The correct calculation is perimeter = 2 × (9 + 4) = 2 × 13 = 26 cm (or equivalently: 9 + 4 + 9 + 4 = 26 cm). This error often arises when students learn “add the length and width” and forget the crucial “then double” step.

The answer happens to be correct — the perimeter of a 6 cm × 3 cm rectangle is indeed 2 × (6 + 3) = 18 cm. But the student used multiplication (the area formula) instead of the perimeter formula. They got lucky because 6 × 3 happens to equal 2 × (6 + 3) for this specific rectangle.

This is the “perimeter means multiply” misconception that coincidentally produces the correct answer here. If the dimensions were 8 cm × 3 cm, the student would get 24 instead of the correct 22 — the method fails for almost every other rectangle. The correct answer doesn’t validate the faulty reasoning.

The student has made the “only add the labelled numbers” misconception error. The L-shape has six sides, but only four measurements were given on the diagram. The right side of the shape measures 8 − 3 = 5 cm, and the top of the shape measures 10 − 4 = 6 cm. The student needed to calculate these missing sides before adding.

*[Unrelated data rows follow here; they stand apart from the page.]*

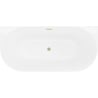 Mexen Oval Slim baignoire autoportante adossée 170 x 80 cm, blanche, trop-plein or brossé - 52661708000-55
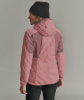 Eine gesteppte Damenjacke in Rosa mit Kapuze, von hinten gezeigt.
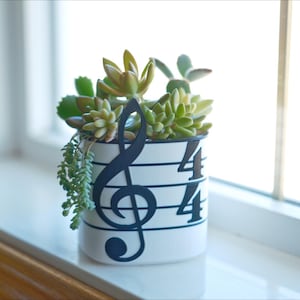 May include: A white ceramic planter with a black musical note design, filled with green succulents. The planter features a treble clef and 4/4 time signature. The arrangement sits on a windowsill.
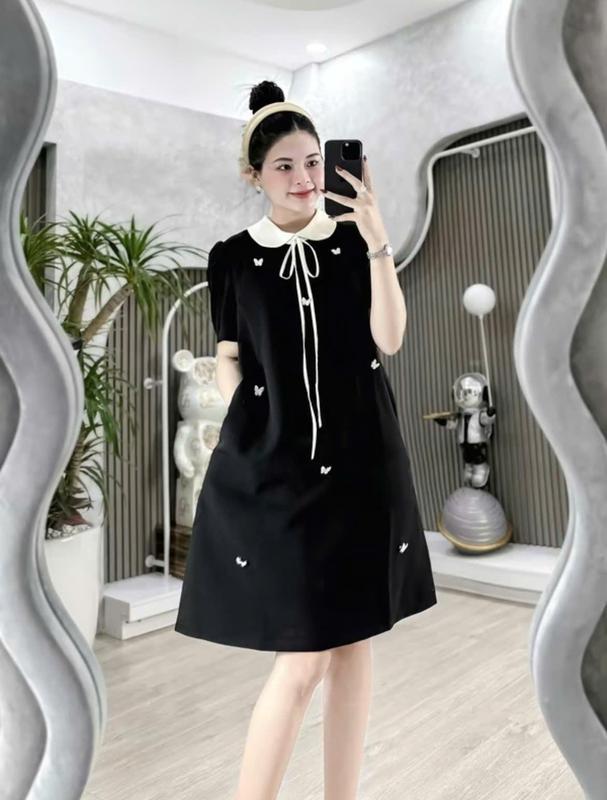  Váy bầu dáng suông cổ sen dây nơ đính bướm xinh xắn thiết kế Lachic V75 Nữ 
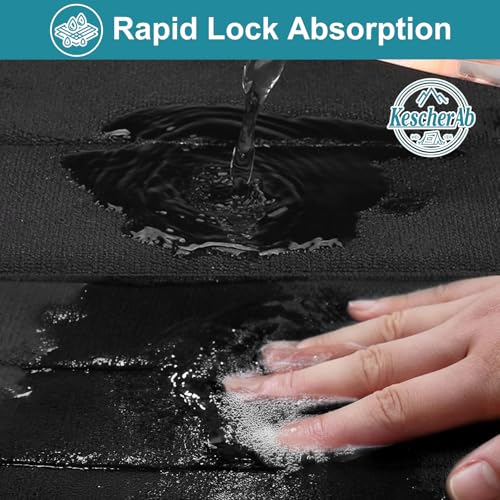 Bathroom Rugs Sets 3 Pieces Thicker Memory Foam Bath Mat with Non Slip Backing, Machine Wash, Dries Quickly, Ultra Soft Black Bath Carpet with Toilet Rug for Bathroom,Kitchen,Tub - color: Black, size: 31" X 19" + 23" X 15" + U19" X 15"
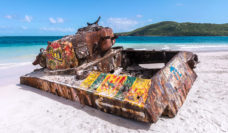 tank on culebra beach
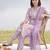 Women Floral Printed Panelled Mirror Work Cotton Kurta with Trousers & With Dupatta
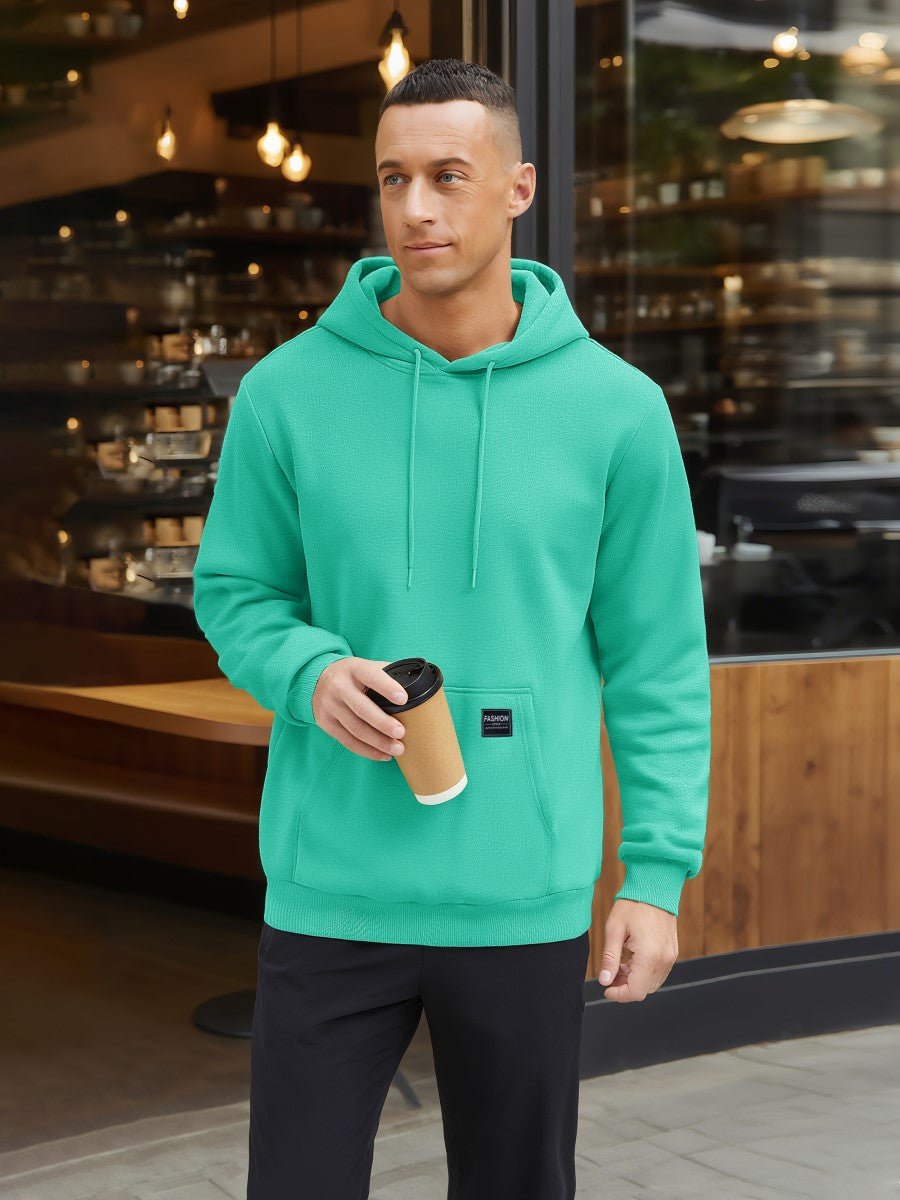 TACVASEN Mint Green Men's Fleece Lined Sweatshirt Hoodies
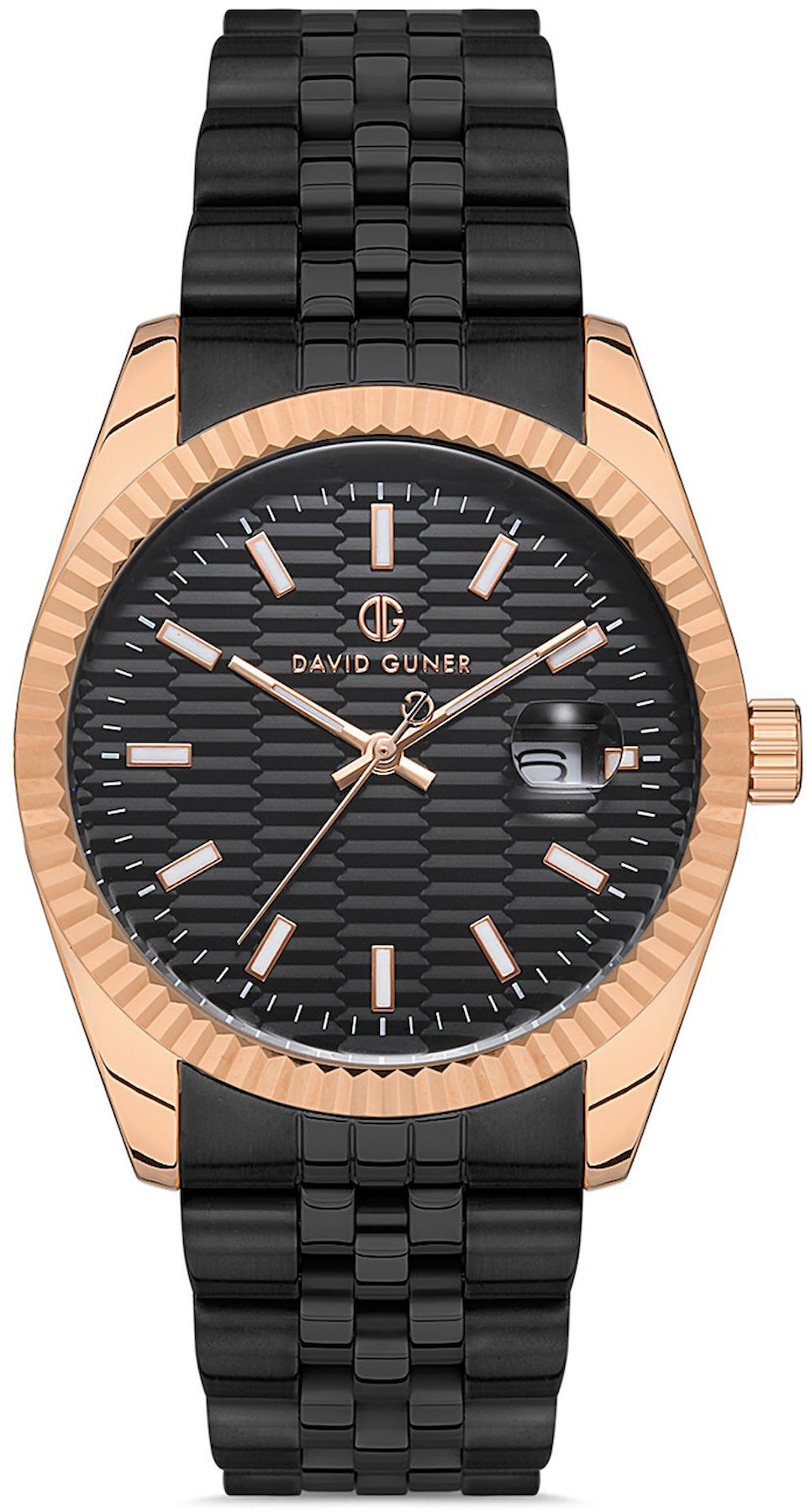 David Guner DG-8382GA-R2 Takvimli 42 mm Siyah Metal Kordon Analog Kol Saati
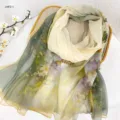 Women's Floral Silk Scarf Elegant Green Chiffon Shawl Sunscreen Beach Wrap Spring Summer - RY-19
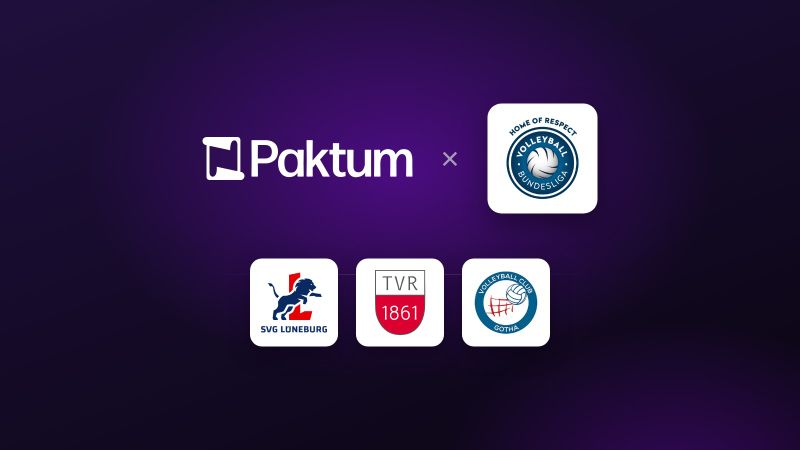 Logotipos de Paktum y de la Bundesliga de Voleibol, junto con los logotipos del SVG Lüneburg, el TV Rottenburg y el VC Gotha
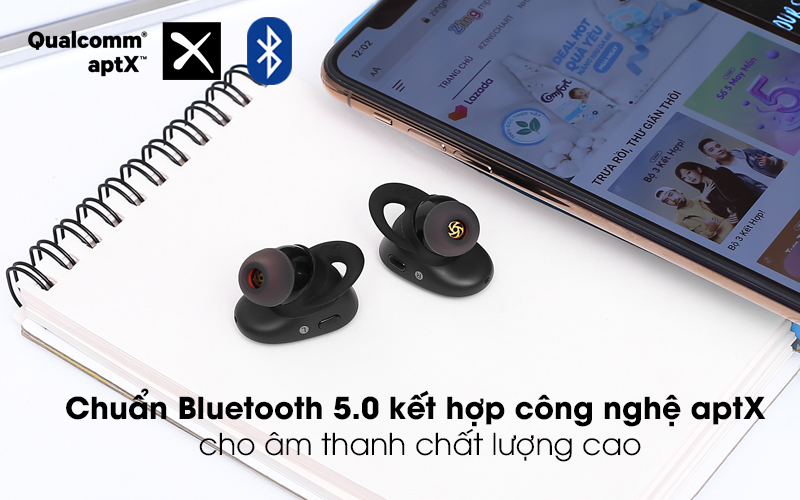 Tai nghe Bluetooth Anker sử dụng công nghệ Bluetooth 5.0 và hỗ trợ aptX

The correct perimeter is 10 + 5 + 4 + 3 + 6 + 8 = 36 cm. Interestingly, this equals the perimeter of the full 10 × 8 rectangle (2 × (10 + 8) = 36 cm), because the removed corner swaps equal lengths of edge — but students shouldn’t rely on this shortcut until they understand why it works.

The student has applied the “perimeter = 4 × side” misconception — using the square/rectangle formula for a shape that isn’t a quadrilateral. A regular hexagon has 6 equal sides, not 4. The correct perimeter is 6 × 4 = 24 cm.

This error comes from over-generalising the formula for a square (perimeter = 4 × side) to all shapes. For any regular polygon, perimeter = number of sides × side length. Students need to identify how many sides the shape has before choosing a formula.

The student has made the “ignoring mixed units” misconception. They added cm and mm together directly without converting.

Before any calculations can happen, the units must be matched. 20 mm is equal to 2 cm. Using the correct matching units, the calculation is perimeter = 2 × (5 + 2) = 14 cm (or alternatively, 140 mm).